• YOUR ASSIGNMENT: Retype the line containing "lot 177 image: Seven" and each later line through the end of the listing, exactly as written, with no other lines.

• DATA IN THIS EXERCISE:
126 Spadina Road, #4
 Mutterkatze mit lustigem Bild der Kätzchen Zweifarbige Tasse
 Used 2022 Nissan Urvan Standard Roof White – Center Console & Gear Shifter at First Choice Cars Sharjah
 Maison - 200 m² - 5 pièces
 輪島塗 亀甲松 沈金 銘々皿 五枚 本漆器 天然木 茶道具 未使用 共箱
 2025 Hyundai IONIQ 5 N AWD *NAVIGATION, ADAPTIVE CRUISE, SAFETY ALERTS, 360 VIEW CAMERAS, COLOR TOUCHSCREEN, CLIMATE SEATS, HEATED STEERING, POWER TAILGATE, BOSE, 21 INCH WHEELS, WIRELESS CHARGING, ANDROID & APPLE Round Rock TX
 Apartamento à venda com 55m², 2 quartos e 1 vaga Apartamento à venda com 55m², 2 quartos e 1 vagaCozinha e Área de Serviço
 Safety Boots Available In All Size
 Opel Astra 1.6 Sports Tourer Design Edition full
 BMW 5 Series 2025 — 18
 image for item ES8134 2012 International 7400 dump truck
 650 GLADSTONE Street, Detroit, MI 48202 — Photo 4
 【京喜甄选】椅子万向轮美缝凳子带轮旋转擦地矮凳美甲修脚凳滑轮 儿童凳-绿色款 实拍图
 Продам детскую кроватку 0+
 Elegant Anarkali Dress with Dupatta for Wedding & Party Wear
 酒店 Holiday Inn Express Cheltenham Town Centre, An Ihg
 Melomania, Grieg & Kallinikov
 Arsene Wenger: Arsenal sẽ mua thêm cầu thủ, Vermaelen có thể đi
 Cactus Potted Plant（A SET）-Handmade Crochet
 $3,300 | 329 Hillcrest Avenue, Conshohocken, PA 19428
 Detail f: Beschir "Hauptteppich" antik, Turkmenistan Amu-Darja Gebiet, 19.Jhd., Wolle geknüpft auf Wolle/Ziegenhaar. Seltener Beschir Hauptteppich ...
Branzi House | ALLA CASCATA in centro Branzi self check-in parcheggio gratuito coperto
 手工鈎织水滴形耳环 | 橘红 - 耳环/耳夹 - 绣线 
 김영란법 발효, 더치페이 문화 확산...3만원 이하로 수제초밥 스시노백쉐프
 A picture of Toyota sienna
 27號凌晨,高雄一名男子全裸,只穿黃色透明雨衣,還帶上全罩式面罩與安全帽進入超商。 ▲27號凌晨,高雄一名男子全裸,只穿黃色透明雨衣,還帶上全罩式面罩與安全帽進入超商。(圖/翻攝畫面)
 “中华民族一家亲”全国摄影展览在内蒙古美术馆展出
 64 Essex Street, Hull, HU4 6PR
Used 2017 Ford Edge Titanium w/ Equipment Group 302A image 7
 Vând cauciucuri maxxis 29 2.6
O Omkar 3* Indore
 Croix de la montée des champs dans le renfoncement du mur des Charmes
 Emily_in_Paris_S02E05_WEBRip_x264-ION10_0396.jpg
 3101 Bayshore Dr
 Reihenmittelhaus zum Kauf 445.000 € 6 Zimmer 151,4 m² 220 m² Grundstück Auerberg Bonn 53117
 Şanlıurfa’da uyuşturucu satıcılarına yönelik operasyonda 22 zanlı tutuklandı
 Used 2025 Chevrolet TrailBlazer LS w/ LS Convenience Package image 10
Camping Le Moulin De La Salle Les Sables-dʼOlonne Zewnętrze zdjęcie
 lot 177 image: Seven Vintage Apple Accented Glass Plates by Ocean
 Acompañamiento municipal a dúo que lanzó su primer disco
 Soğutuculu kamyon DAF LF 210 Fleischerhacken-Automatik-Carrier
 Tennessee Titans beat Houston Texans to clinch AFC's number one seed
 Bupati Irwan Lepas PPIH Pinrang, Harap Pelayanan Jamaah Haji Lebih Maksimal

• EXPECTED ANSWER:
 lot 177 image: Seven Vintage Apple Accented Glass Plates by Ocean
 Acompañamiento municipal a dúo que lanzó su primer disco
 Soğutuculu kamyon DAF LF 210 Fleischerhacken-Automatik-Carrier
 Tennessee Titans beat Houston Texans to clinch AFC's number one seed
 Bupati Irwan Lepas PPIH Pinrang, Harap Pelayanan Jamaah Haji Lebih Maksimal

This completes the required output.